During this time, OHS worked with other City agencies and partners providing:

  • 24-hour outreach and transport to safe indoor spaces.
  • Beds within the emergency housing network to all people who are homeless.
  • Safe, warm indoor spaces at emergency housing centers during the day.

As a result of these and other efforts, no homeless individual in Philadelphia died of exposure during the frigid two weeks.

Throughout this most recent Code Blue, thousands of Philadelphians saw and shared tweets and Facebook posts about the Code Blue with the outreach hotline, 215-232-1984.

Likewise, OHS and partners deployed a total of 500 beds and cafe spaces. “All the providers went the extra mile to keep people safe and warm,” explains OHS Director Liz Hersh. “Only three people were turned away, and they were able to be accommodated elsewhere. We had just enough space.”

While the city saw zero deaths as a result of the dangerous cold, some individuals refused to come inside no matter what, often because of serious mental health issues.

As a result, OHS worked with other City officials to ensure that 16 people who refused shelter were kept safe during the Code Blue.

The City’s warming center at Cione Rec Center in the Kensington-Fairhill neighborhood was a particularly important resource. Many Philadelphians who typically refuse services, often as a result of active addiction, sought refuge in the warming center.

All told, about 400 people used this and another volunteer-run warming center.

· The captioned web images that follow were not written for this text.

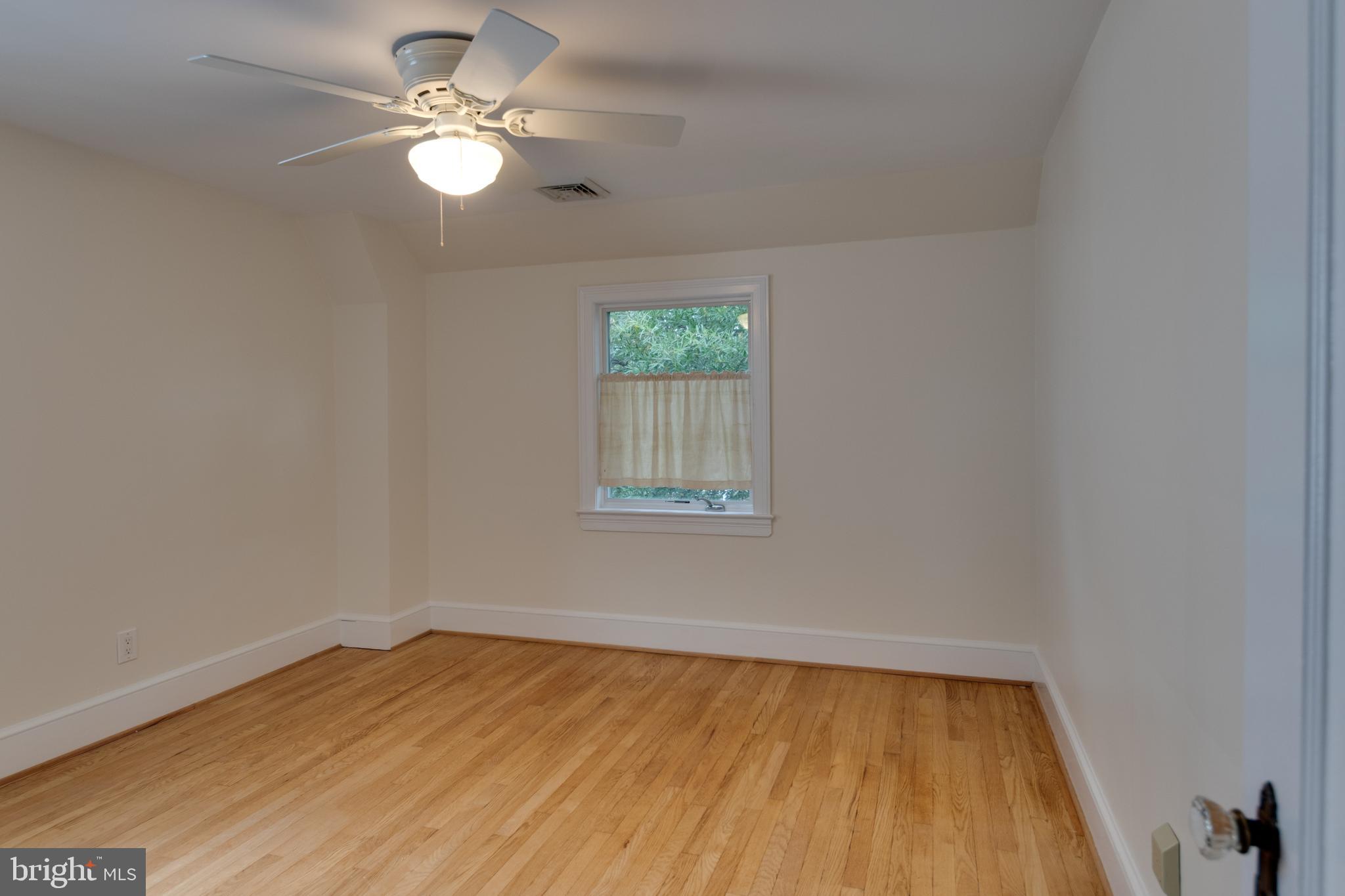 2508 Davis Avenue Alexandria, VA 22302 - Photo 15 of 23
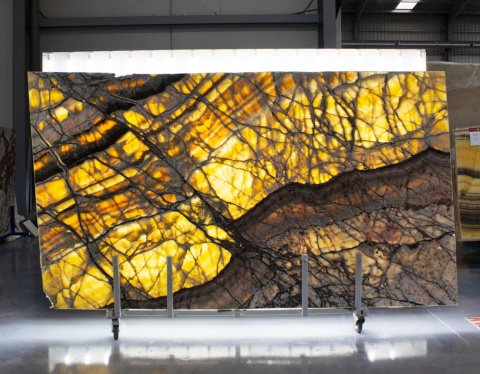 Poświetlona płyta Yellow Picasso Onyx 20 mm z Hiszpanii – żółto-złota płyta onyksu polerowanego do wnętrz dekoracyjnych.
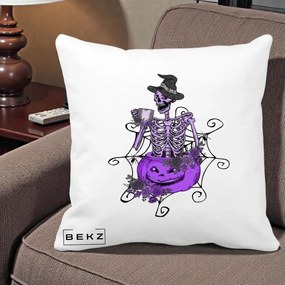 Perna Decorativa Schelet Vrajitor cu Dovleac Violet Halloween, 40x40 cm, Alba Mata, Husa Detasabila, Perna Inclusa, BEKZ®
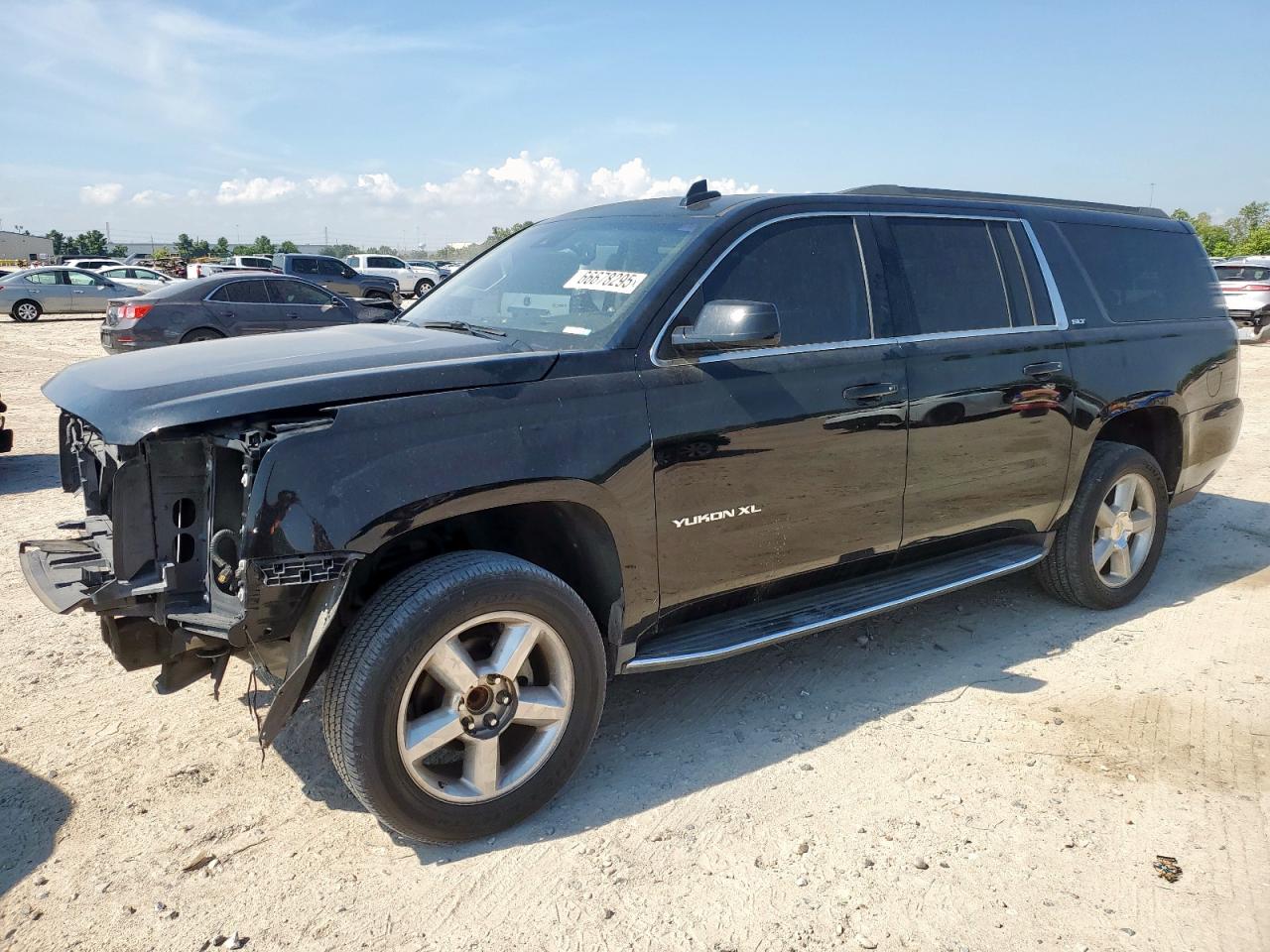 GMC Yukon C1500 Slt Image 1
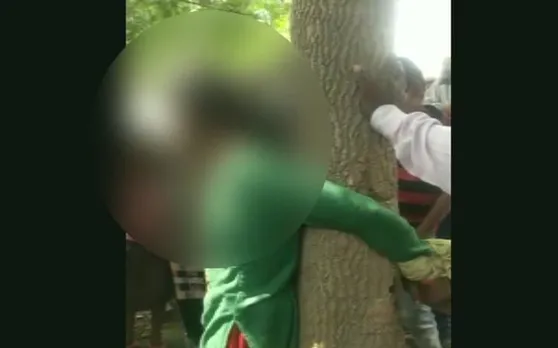 बच्चा चोरी के शक में एक महिला को पेड़ से बांध कर पीटा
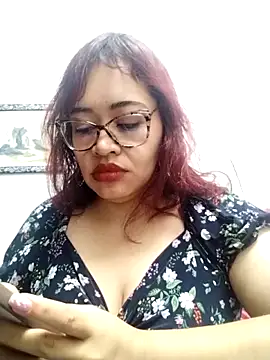 Sofia velve online show from April 4, 2:49 pm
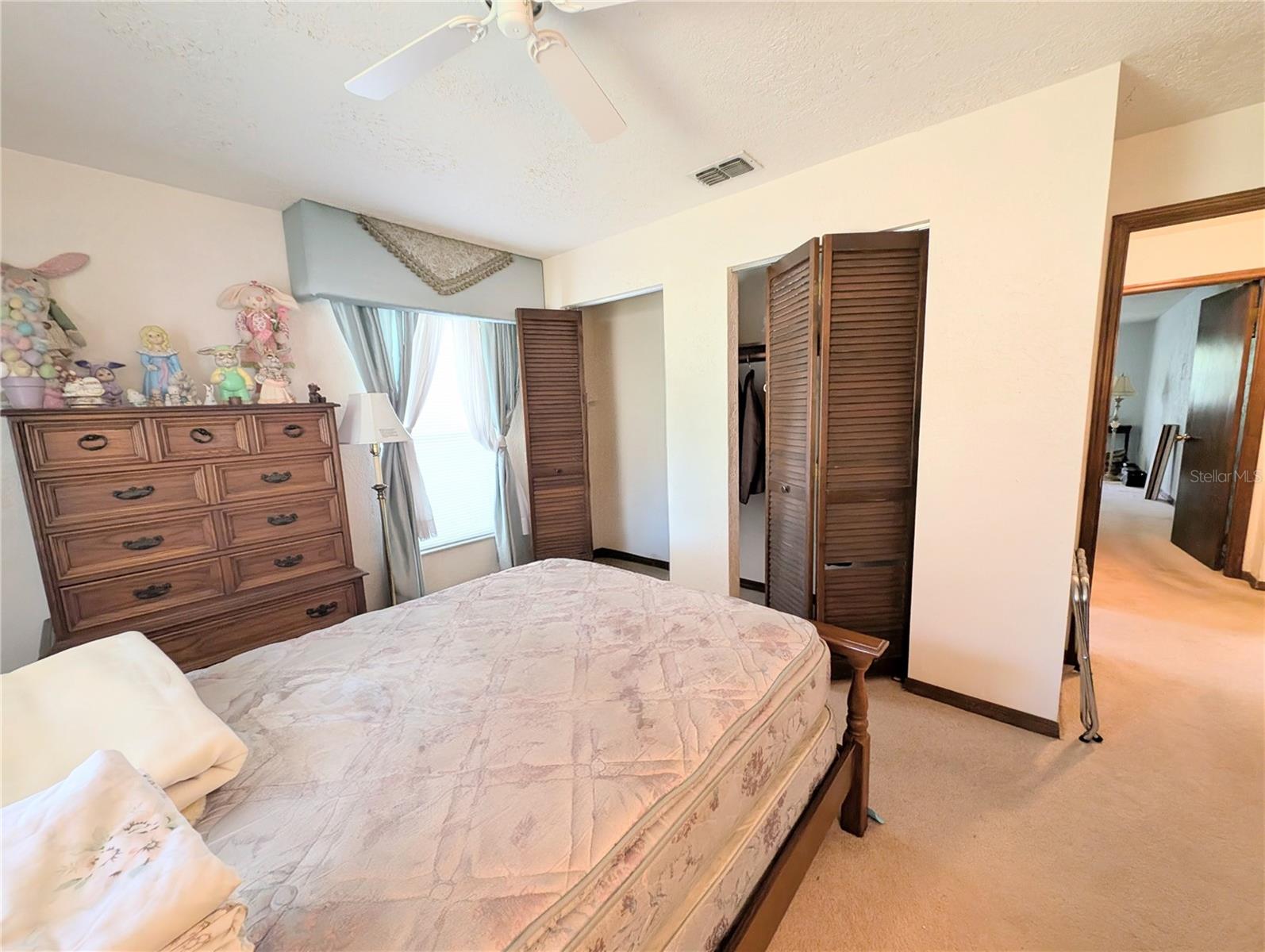 Image 12 of 26 For 2458 48th Street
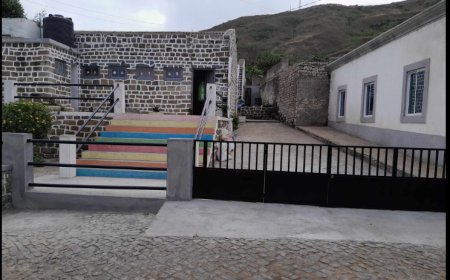 Escola Básica de Cova Rodela recebe um portão de protecção para segurança dos alunos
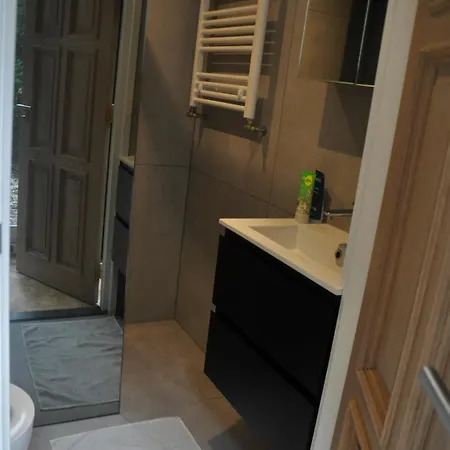 Stylish Near Nature, Train & Center * أوستربيك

Along with the many volunteers and partners who worked tirelessly to protect Philadelphia’s most vulnerable residents, buildings, boilers, and heaters worked overtime, too.

“Like so many homes and buildings in Philadelphia some of our buildings had power outages, floods, burst pipes, or other problems occur that threatened our ability to keep people housed,” Hersh says. Nonetheless, emergency housing and facilities staff swung into action and worked diligently to ensure that people could stay safe and warm.

“During this 15-day Code Blue,” Hersh observes, “even some of our creaky old buildings pulled their weight.”